I can, of course, see the temptations of not beginning. Chiefly, not beginning sustains the belief that you are gifted, that the novel — when you one day get round to writing it — will surpass all others, that you will suffer no rejections, that it will be published at once and be thereafter visible in every bookshop you step into, that you will never suffer a bad review or sit at a dinner party and hear the question: “So, should I have heard of you?” Not beginning protects you from the disappointment — no, shame — of reading what you have written and finding it rubbish. It also prevents you from an equally disturbing possibility: discovering that you can write. What then have you been doing all those years? Success or failure can both be avoided by never starting at all — this then is the spell that procrastination casts.

We are not just terrified of discovering we are incapable. We are also terrified of discovering how capable we truly are.

Sometimes, the easiest thing to do is to believe you are weak.

Common Specious Barriers

The first step when it comes to dealing with our own proverbial “bullshit” is to catch ourselves in the act.

One way to do this is to look at common excuses that people make. In his book, Silvia shares the four common excuses used by academic writers (but seem pretty universal):

  1. “I can’t find time to write.”
  2. “I need to do more research.”
  3. “I’m missing software, a nice computer, a standing desk, etc.”
  4. “I’m waiting for inspiration.”

Again, when examined, these excuses fall apart.

Busy? When Silvia encouraged them to, not a single professor failed to find 30 minutes a day to work on writing. Over a year, 30 minutes a day can produce hundreds of publishable pages.
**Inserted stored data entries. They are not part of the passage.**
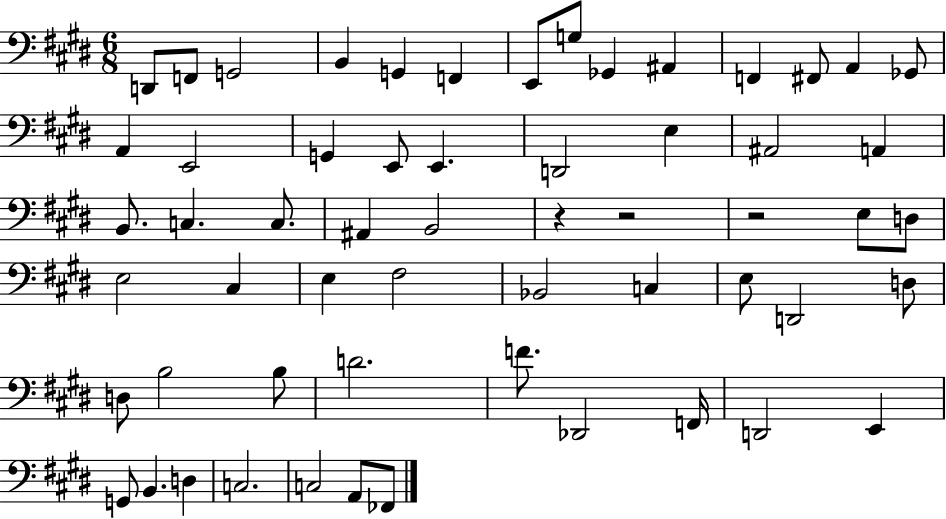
D2/e F2/e G2/h B2/q G2/q F2/q E2/e G3/e Gb2/q A#2/q F2/q F#2/e A2/q Gb2/e A2/q E2/h G2/q E2/e E2/q. D2/h E3/q A#2/h A2/q B2/e. C3/q. C3/e. A#2/q B2/h R/q R/h R/h E3/e D3/e E3/h C#3/q E3/q F#3/h Bb2/h C3/q E3/e D2/h D3/e D3/e B3/h B3/e D4/h. F4/e. Db2/h F2/s D2/h E2/q G2/e B2/q. D3/q C3/h. C3/h A2/e FES2/e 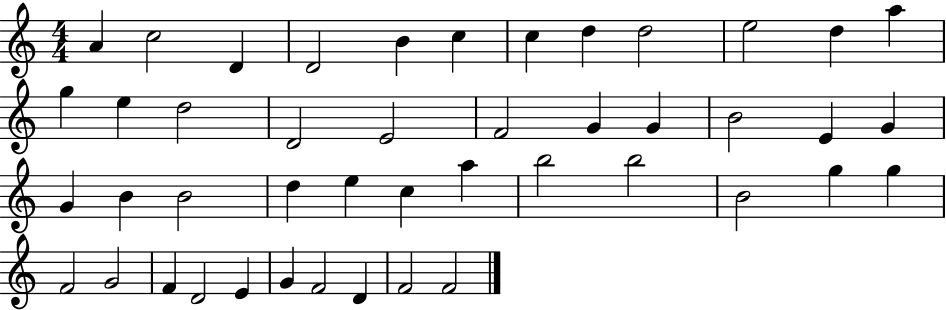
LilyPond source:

{
  \clef treble
  \numericTimeSignature
  \time 4/4
  \key c \major
  a'4 c''2 d'4 | d'2 b'4 c''4 | c''4 d''4 d''2 | e''2 d''4 a''4 | \break g''4 e''4 d''2 | d'2 e'2 | f'2 g'4 g'4 | b'2 e'4 g'4 | \break g'4 b'4 b'2 | d''4 e''4 c''4 a''4 | b''2 b''2 | b'2 g''4 g''4 | \break f'2 g'2 | f'4 d'2 e'4 | g'4 f'2 d'4 | f'2 f'2 | \break \bar "|."
} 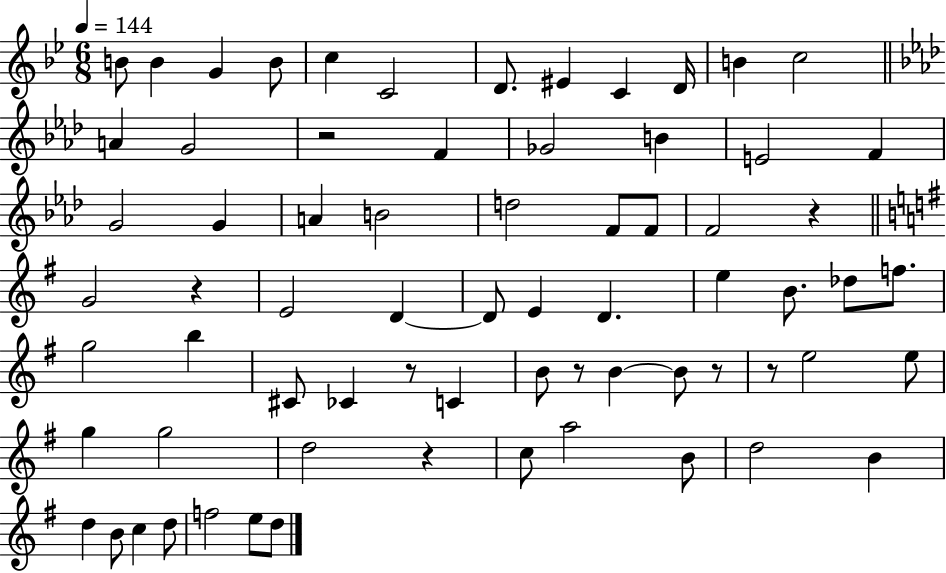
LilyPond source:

{
  \clef treble
  \numericTimeSignature
  \time 6/8
  \key bes \major
  \tempo 4 = 144
  b'8 b'4 g'4 b'8 | c''4 c'2 | d'8. eis'4 c'4 d'16 | b'4 c''2 | \break \bar "||" \break \key f \minor a'4 g'2 | r2 f'4 | ges'2 b'4 | e'2 f'4 | \break g'2 g'4 | a'4 b'2 | d''2 f'8 f'8 | f'2 r4 | \break \bar "||" \break \key e \minor g'2 r4 | e'2 d'4~~ | d'8 e'4 d'4. | e''4 b'8. des''8 f''8. | \break g''2 b''4 | cis'8 ces'4 r8 c'4 | b'8 r8 b'4~~ b'8 r8 | r8 e''2 e''8 | \break g''4 g''2 | d''2 r4 | c''8 a''2 b'8 | d''2 b'4 | \break d''4 b'8 c''4 d''8 | f''2 e''8 d''8 | \bar "|."
} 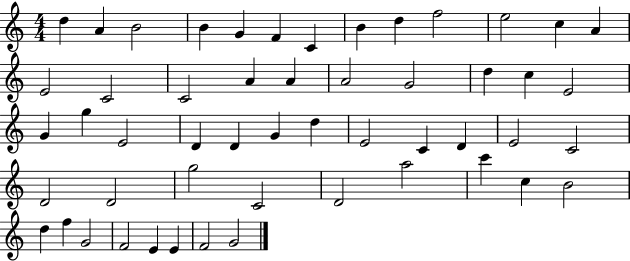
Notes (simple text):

D5/q A4/q B4/h B4/q G4/q F4/q C4/q B4/q D5/q F5/h E5/h C5/q A4/q E4/h C4/h C4/h A4/q A4/q A4/h G4/h D5/q C5/q E4/h G4/q G5/q E4/h D4/q D4/q G4/q D5/q E4/h C4/q D4/q E4/h C4/h D4/h D4/h G5/h C4/h D4/h A5/h C6/q C5/q B4/h D5/q F5/q G4/h F4/h E4/q E4/q F4/h G4/h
Missing equipment? Kazuo Ishiguro, a Nobel-winning novelist, writes with a computer from 1996. In computer years, that’s like… 340 years old.

Waiting for inspiration? Silvia found that professors were more creative more frequently when they ignored inspiration and just sat down to write.

Breaking the Spell

The problem with specious barriers is that they are so convincing.

Yes, not having money limits people. Yes, better equipment can make better music. Yes, inspiration matters.

So how can we separate the fake excuses from the real?

Here’s what I’ve been doing:

  • Keep a mental note of the excuses I make
  • Look for patterns in the excuses
  • Compare & contrast with common specious barriers (Do they look a lot like the ones that Silvia mentions in his book?)
  • Examine the most suspicious ones with a critical eye

Another thing you can do is to procrastinate and see what happens.

Last year, I spent a few months ignoring all attempts at organization: no to-do lists, no scheduling, no pomodoro, no nothing. Instead, I tried to do everything by “pantsing it” — dealing with challenges as they came.

I wanted to see if this change would make me happier, less stressed, or more creative.

Instead, I discovered that I was less happy, more stressed (which spilled over into friends and family), and produced much less overall.